As a member of the university’s joint health and safety committee, I also pushed for a subcommittee on electromagnetics and health. Eventually, the committee voted unanimously to advise the university administration to warn all staff and faculty the science on wireless radiation was “inconclusive” and people should take initiative to inform and protect themselves accordingly.
This was a weak warning but a warning nonetheless, issued under the aegis of the Ontario Health and Safety Act regulations. In the first instance, this warning may help to protect the institution from legal action when inevitable court cases come to pass. One expert described the campus as “one of the most electromagnetically polluted civilian institutions in Canada,” citing a variety of overlapping wireless networks compounded by more than 50 cellphone and other antennas on the university’s main tower.
When it comes to accommodating an employee with such a health complaint, the Canadian Human Rights Commission suggests: “Where an individual with a poorly understood disability is unable to provide expert medical evidence, the employer, service provider or other decision-maker should seek an informed expert opinion on the effects of the condition and the resulting accommodation needs,” although the report also specifies lack of evidence should not be held against the individual as a result of the shifting terrain of the research around these matters.
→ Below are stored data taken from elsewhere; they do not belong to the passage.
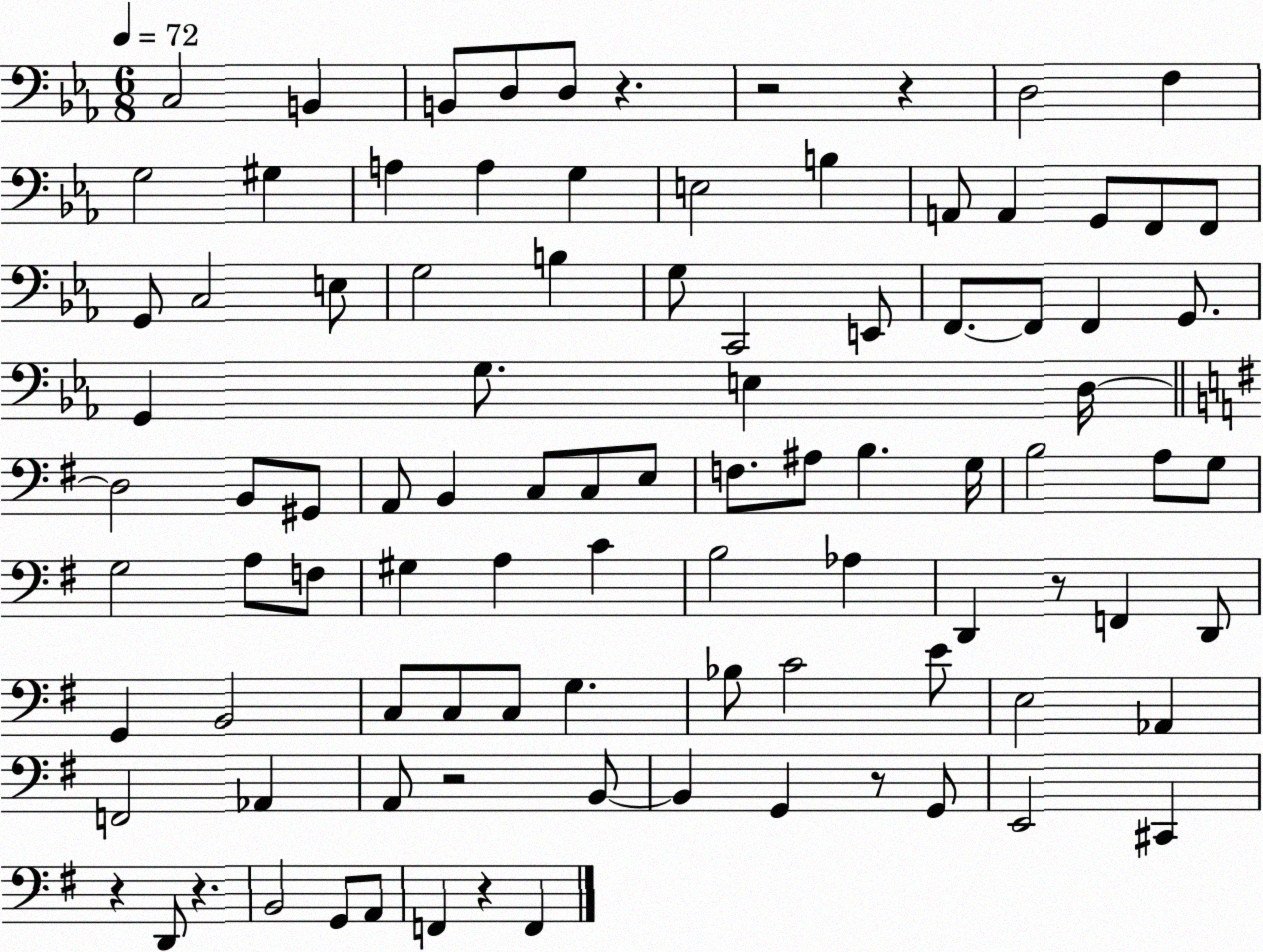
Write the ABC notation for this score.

X:1
T:Untitled
M:6/8
L:1/4
K:Eb
C,2 B,, B,,/2 D,/2 D,/2 z z2 z D,2 F, G,2 ^G, A, A, G, E,2 B, A,,/2 A,, G,,/2 F,,/2 F,,/2 G,,/2 C,2 E,/2 G,2 B, G,/2 C,,2 E,,/2 F,,/2 F,,/2 F,, G,,/2 G,, G,/2 E, D,/4 D,2 B,,/2 ^G,,/2 A,,/2 B,, C,/2 C,/2 E,/2 F,/2 ^A,/2 B, G,/4 B,2 A,/2 G,/2 G,2 A,/2 F,/2 ^G, A, C B,2 _A, D,, z/2 F,, D,,/2 G,, B,,2 C,/2 C,/2 C,/2 G, _B,/2 C2 E/2 E,2 _A,, F,,2 _A,, A,,/2 z2 B,,/2 B,, G,, z/2 G,,/2 E,,2 ^C,, z D,,/2 z B,,2 G,,/2 A,,/2 F,, z F,,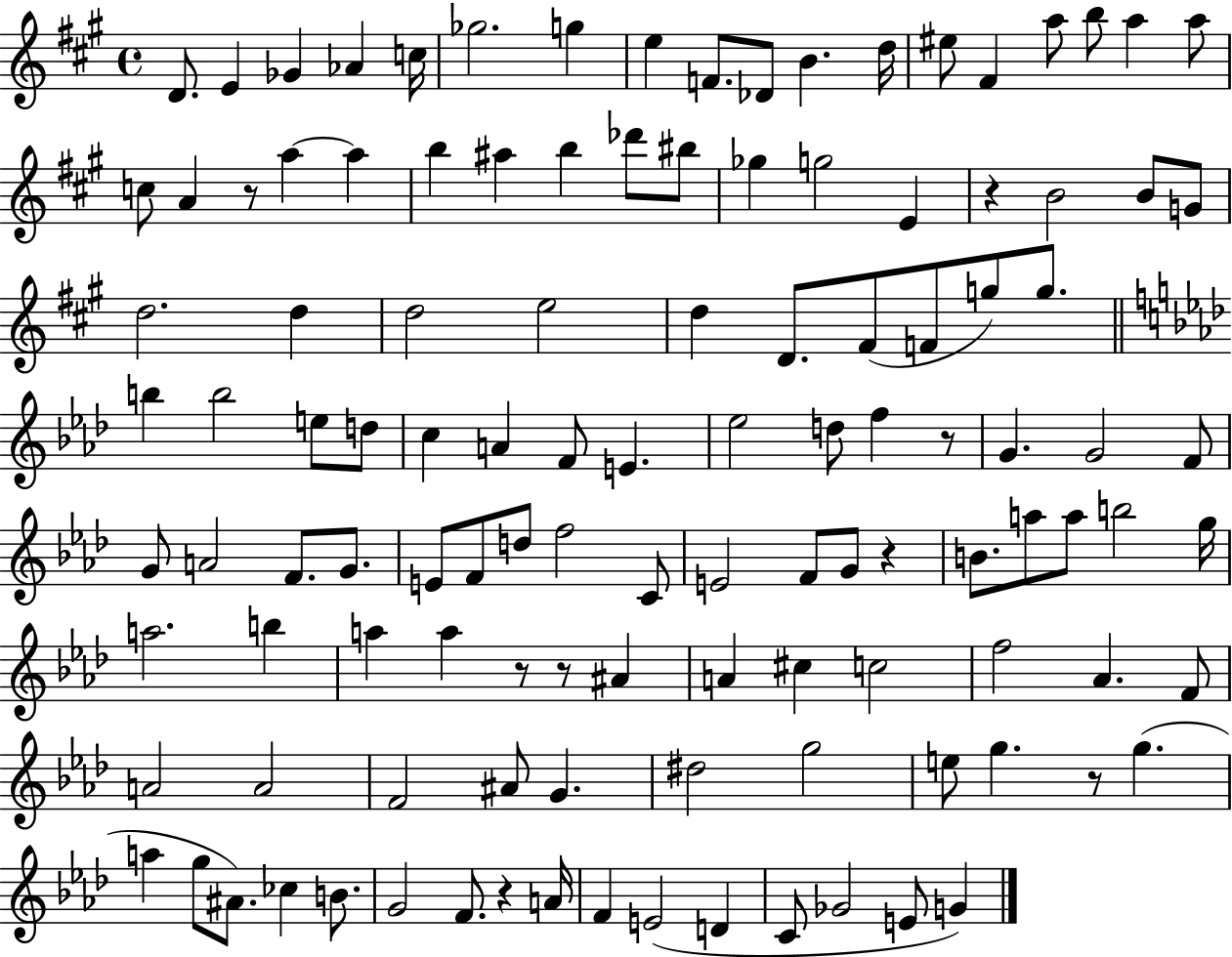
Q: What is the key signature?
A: A major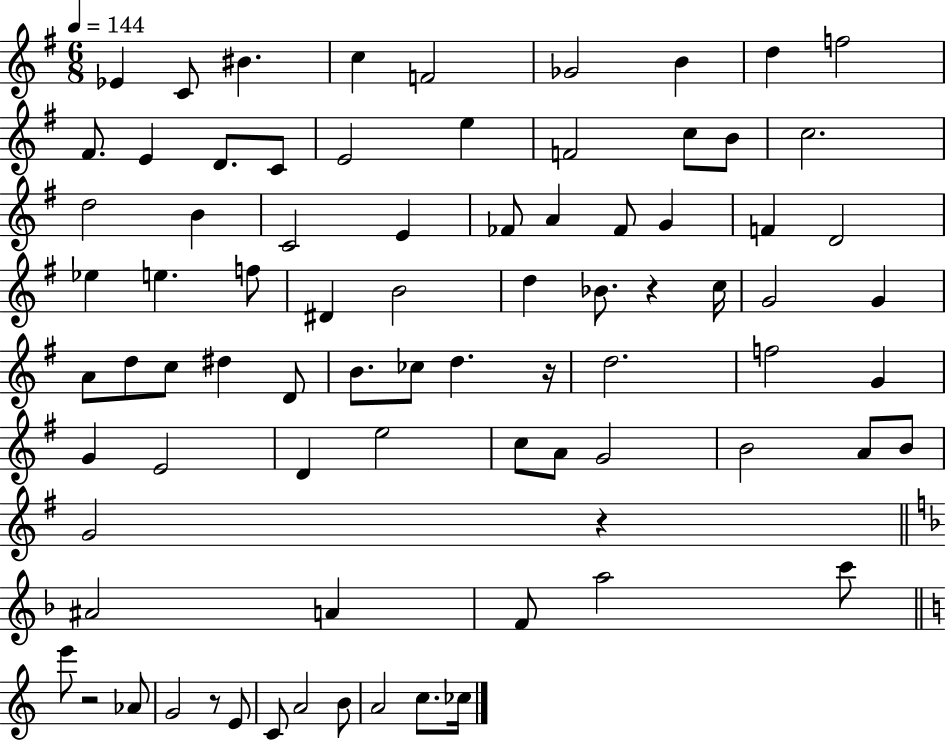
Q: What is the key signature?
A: G major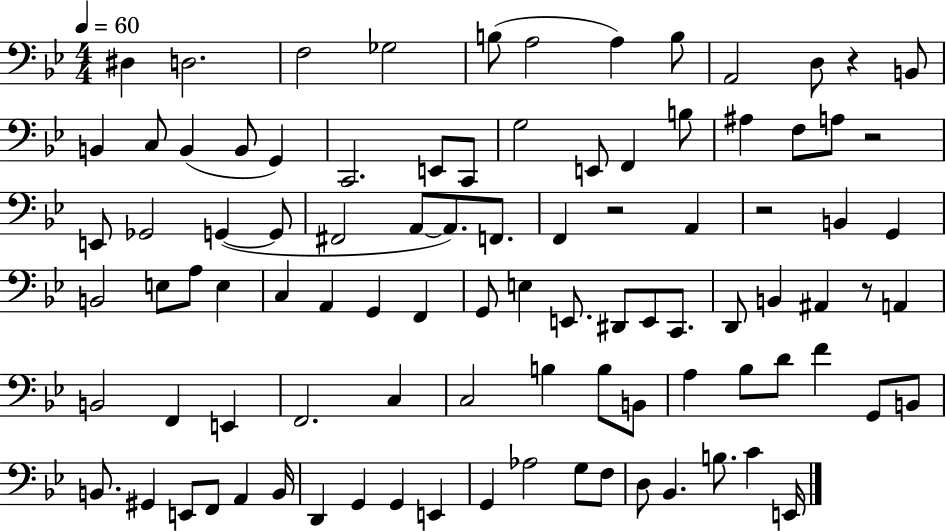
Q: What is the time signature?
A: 4/4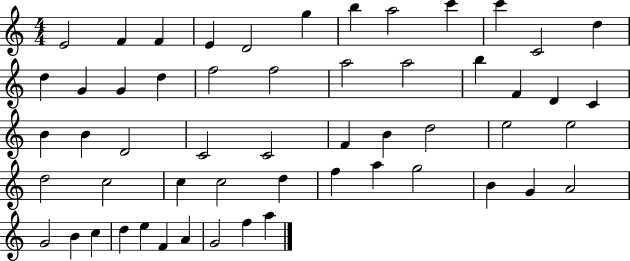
{
  \clef treble
  \numericTimeSignature
  \time 4/4
  \key c \major
  e'2 f'4 f'4 | e'4 d'2 g''4 | b''4 a''2 c'''4 | c'''4 c'2 d''4 | \break d''4 g'4 g'4 d''4 | f''2 f''2 | a''2 a''2 | b''4 f'4 d'4 c'4 | \break b'4 b'4 d'2 | c'2 c'2 | f'4 b'4 d''2 | e''2 e''2 | \break d''2 c''2 | c''4 c''2 d''4 | f''4 a''4 g''2 | b'4 g'4 a'2 | \break g'2 b'4 c''4 | d''4 e''4 f'4 a'4 | g'2 f''4 a''4 | \bar "|."
}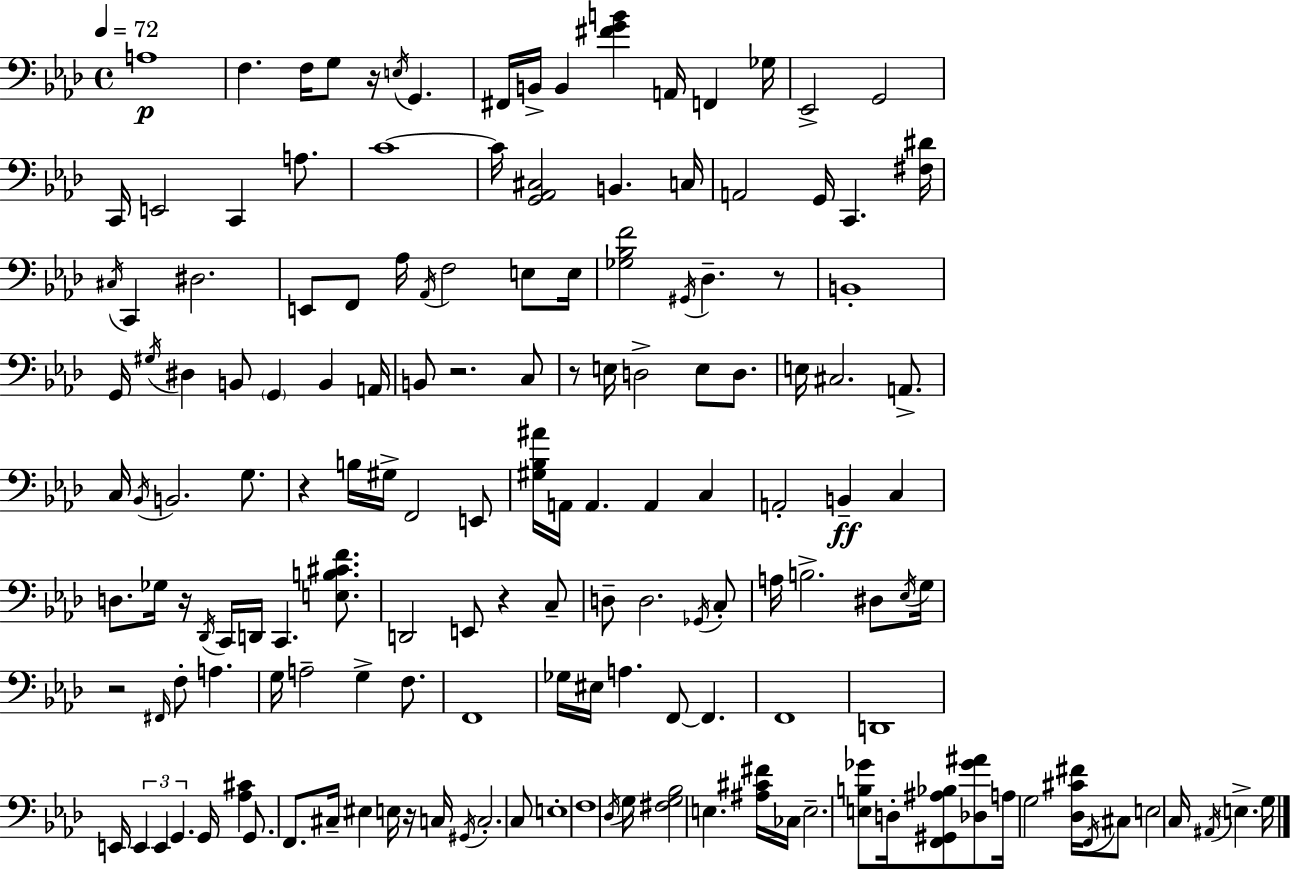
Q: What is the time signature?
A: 4/4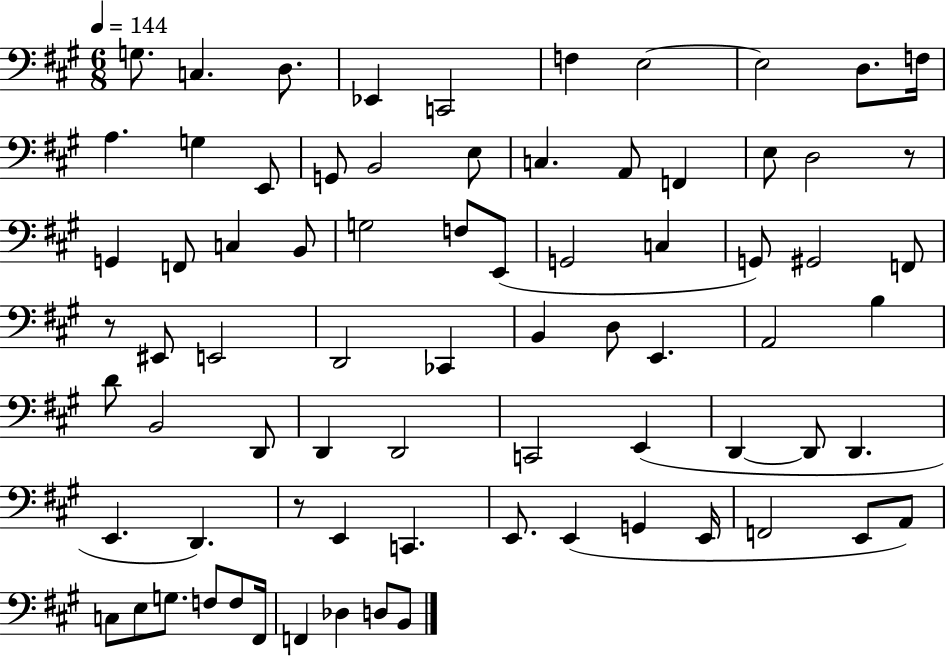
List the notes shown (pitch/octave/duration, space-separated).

G3/e. C3/q. D3/e. Eb2/q C2/h F3/q E3/h E3/h D3/e. F3/s A3/q. G3/q E2/e G2/e B2/h E3/e C3/q. A2/e F2/q E3/e D3/h R/e G2/q F2/e C3/q B2/e G3/h F3/e E2/e G2/h C3/q G2/e G#2/h F2/e R/e EIS2/e E2/h D2/h CES2/q B2/q D3/e E2/q. A2/h B3/q D4/e B2/h D2/e D2/q D2/h C2/h E2/q D2/q D2/e D2/q. E2/q. D2/q. R/e E2/q C2/q. E2/e. E2/q G2/q E2/s F2/h E2/e A2/e C3/e E3/e G3/e. F3/e F3/e F#2/s F2/q Db3/q D3/e B2/e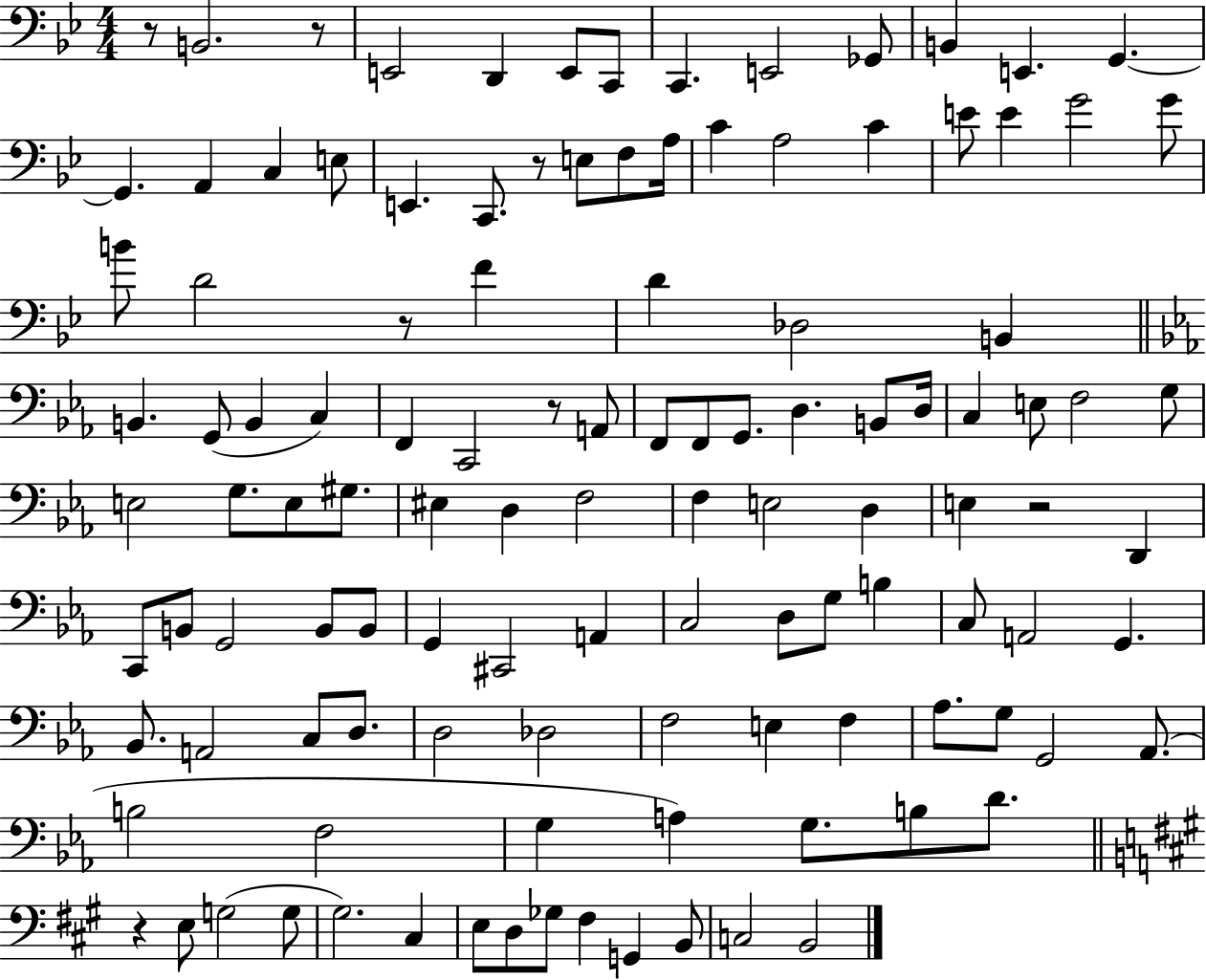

Clinics such as the Environmental Health Clinic at the Women’s College Hospital in Toronto provide diagnoses of electrical sensitivity and other Canadian physicians are becoming increasingly familiar with this phenomenon. Nonetheless, it would not be difficult for a less than ethical employer to dig up a “specialist” who will assert, because of the evidence of Canada’s Safety Code 6, it is impossible for the staff member to make such claims.
However, the Canadian Human Rights Commission report reminds employers: “As for any other disability, the accommodation process for persons with environmental sensitivities must be conducted in an individualized, respectful and inclusive manner. Employers and service providers are well-advised to accommodate in a respectful manner that protects the individual’s self-respect, privacy, comfort and autonomy.”
It also asserts accommodations should be individual in nature and not one-size-fits-all.
What is also abundantly clear, in the face of this significant emerging public and occupational health crisis, is employers and managers need to proceed with compassion and diligence and be guided by an ethical compass rather than the dictates of those who present a false set of “safety” standards.
David Fancy is chair of the department of dramatic arts at Brock University’s Marilyn I. Walker School of Fine and Performing Arts in St. Catharines, Ont.